▶ Exercise
Transcribe the records below line by line, exactly as they read.

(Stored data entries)

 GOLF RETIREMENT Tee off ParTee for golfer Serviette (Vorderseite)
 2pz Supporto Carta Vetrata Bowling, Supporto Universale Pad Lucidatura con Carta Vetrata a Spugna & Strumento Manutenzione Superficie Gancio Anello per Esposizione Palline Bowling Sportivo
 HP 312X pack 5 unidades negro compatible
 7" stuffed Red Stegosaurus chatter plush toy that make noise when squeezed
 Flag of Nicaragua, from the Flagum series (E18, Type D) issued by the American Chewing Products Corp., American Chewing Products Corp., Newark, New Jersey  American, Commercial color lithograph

▶ Solution to this exercise
 GOLF RETIREMENT Tee off ParTee for golfer Serviette (Vorderseite)
 2pz Supporto Carta Vetrata Bowling, Supporto Universale Pad Lucidatura con Carta Vetrata a Spugna & Strumento Manutenzione Superficie Gancio Anello per Esposizione Palline Bowling Sportivo
 HP 312X pack 5 unidades negro compatible
 7" stuffed Red Stegosaurus chatter plush toy that make noise when squeezed
 Flag of Nicaragua, from the Flagum series (E18, Type D) issued by the American Chewing Products Corp., American Chewing Products Corp., Newark, New Jersey  American, Commercial color lithograph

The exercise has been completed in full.